並行世界の歴史監視者である主人公・太公望が、師・元始天尊の命により、ある世界の「殷」という国家に寄生した仙女・妲己を討伐すべく、仲間の美少女仙人たちと国家や歴史を動かしていく展開が愉快でした。
『封神演義』をラブコメ×戦記ファンタジーとして再構築した、まったく新しい『封神演義』でした。
「崑崙」というれっきとしたお役所に所属しながら、数十年間も有休を使って自宅でニート生活を過ごしていた太公望の筋金入りの「働いたら負け精神」が天晴でした。基本ダラダラと引きこもってサボっているだけに思えるのだけれど、未来の展開を予測して敵味方を周囲を動かして最後にはしっかりと結果を手にする策士ぶりがぐう有能。こういう人がリーダーになったら部下は楽ができそうだけれど、理解されないでしょうね。
熱血少女の四不象やツンデレ天才仙人の楊戩、宝貝人間の哪吒など、実力も可愛さもトップクラスの仙人を率いて歴史を変えていく壮大さにワクワクするのですが、妲己サイドの音楽による宇宙征服という突拍子もない構想にも惹かれるものを感じます。殷を滅ぼすために周の大師となって戦争を起すのですが、妲己討伐という目的のために人間の兵士を犠牲にする決断に常に疑問を抱く太公望の葛藤や苦悩が身にしみて感じました。

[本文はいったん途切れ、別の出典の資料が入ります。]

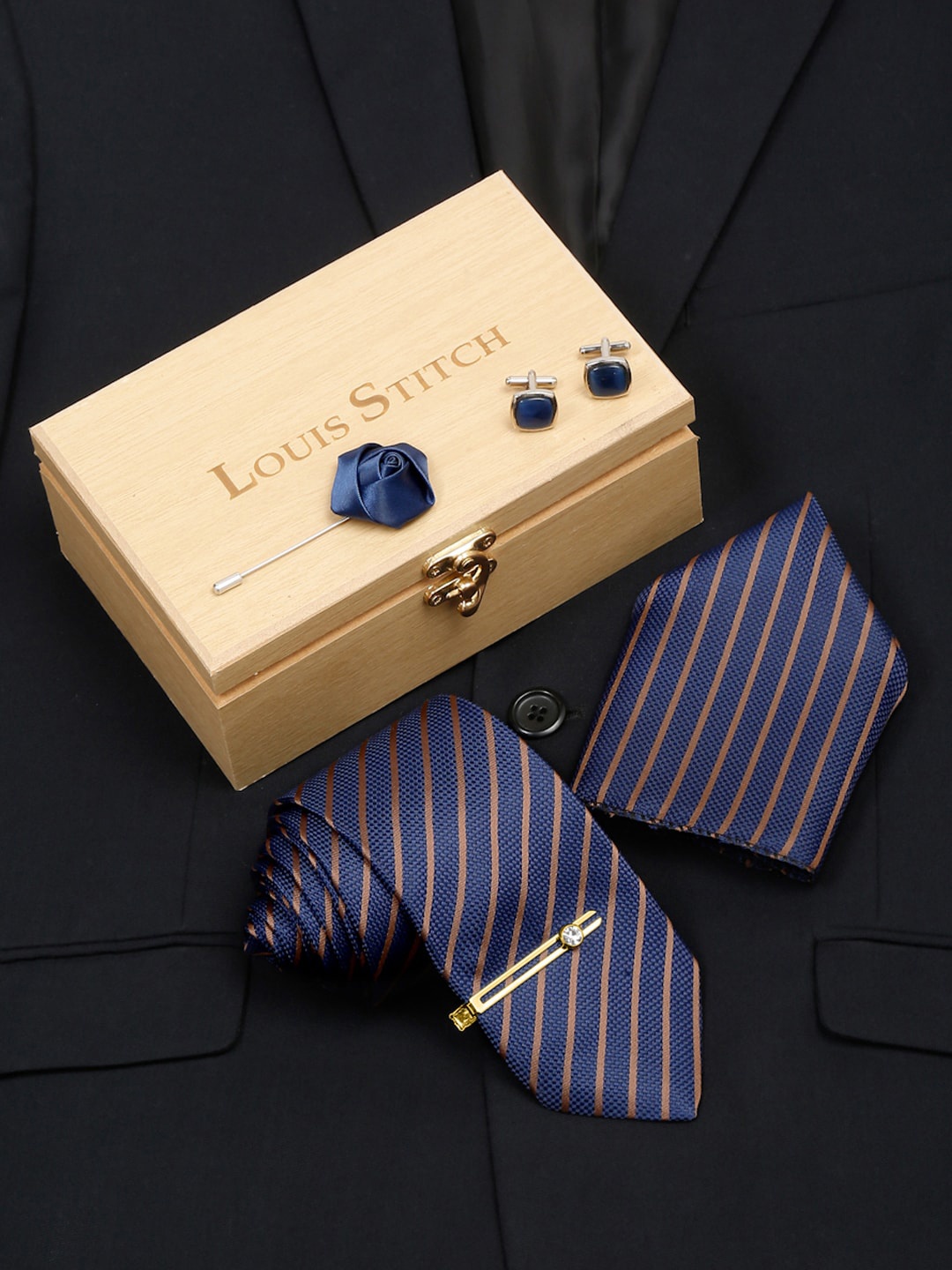 

LOUIS STITCH Men Royal Blue Italian Silk Necktie Accessory Gift Set, Navy blue
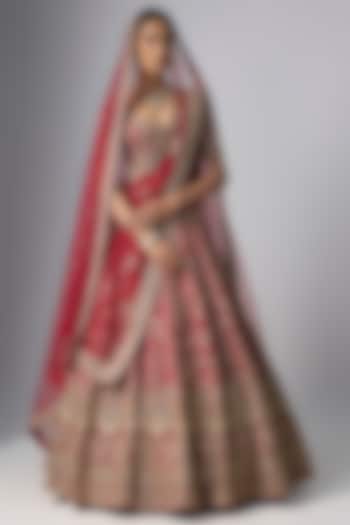 Maroon Raw Silk Bridal Lehenga Set by Kalighata at Pernia's Pop Up Shop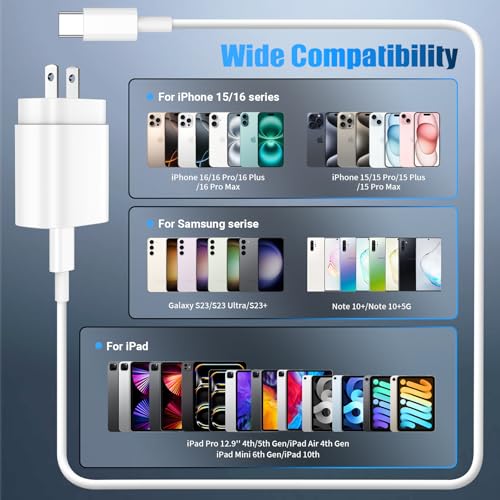 30 W USB-C Fast Charging Duo for i Phone 16/15 Pro Max & Galaxy S24 – Enhanced Dual-Pack with 6 FT & 10 FT Cables for Rapid Power Delivery at Home, Office, or On-the-Go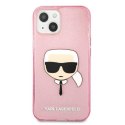 Karl Lagerfeld Karl's Head Glitter - Etui iPhone 13 Mini (różowy)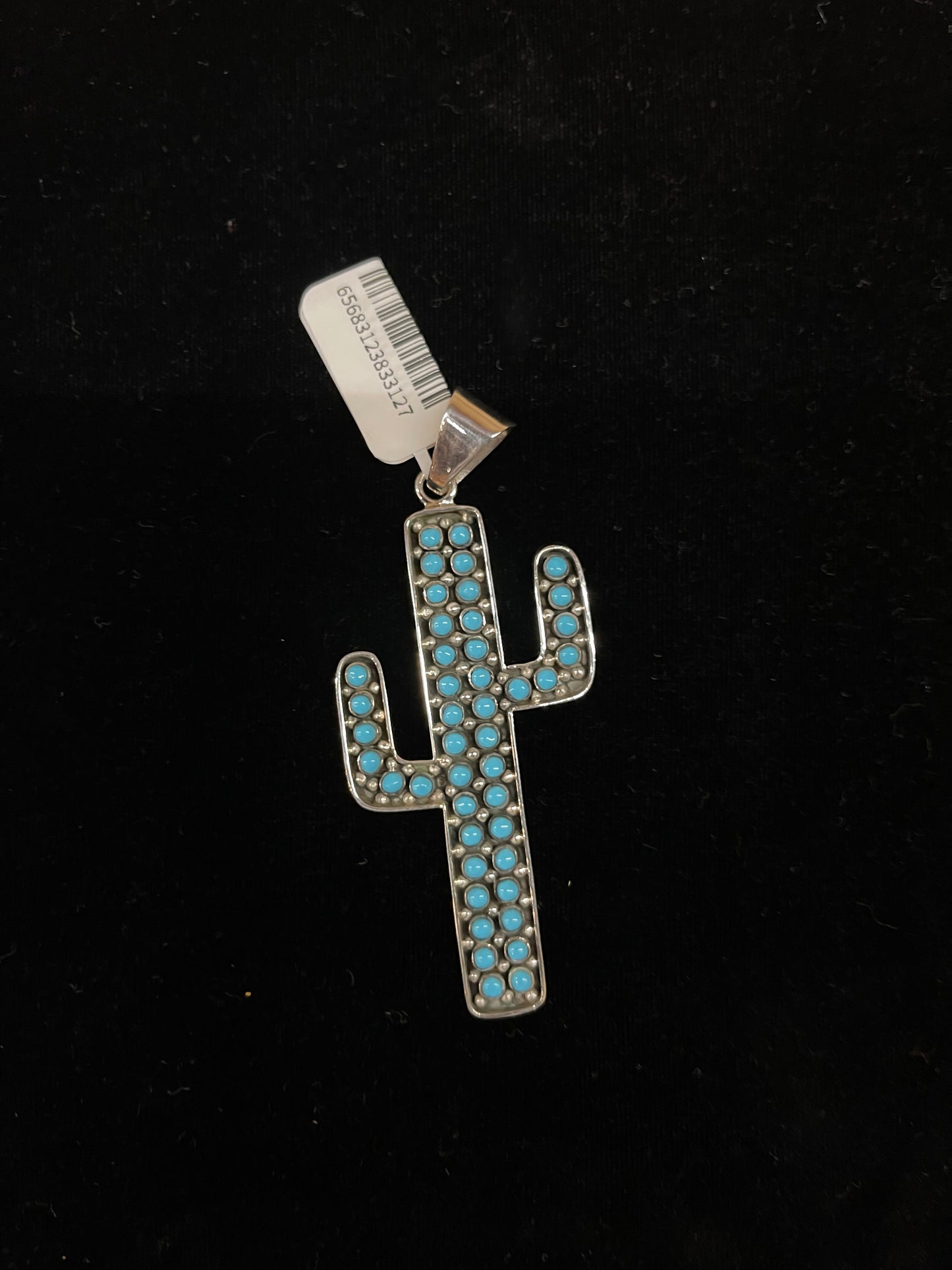 Sleeping Beauty Turquoise Cactus Pendant with a 6mm Bale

おおまかなストーリーは原典の『封神演義』と同じですが、太公望が元地球の高校生だったり、敵も味方も仙人は美少女だらけであったり、改変されています。とくに太上老君がかわいい、毎日一緒にゲームしたい。
太公望とは正反対にワーカーホリックで生真面目で不器用な聞仲も憎めなくて、ライバルとして今後の対決に期待できます。今回は登場してませんが『封神演義』のキャラでは申公豹が好きです。次回でオナシャス!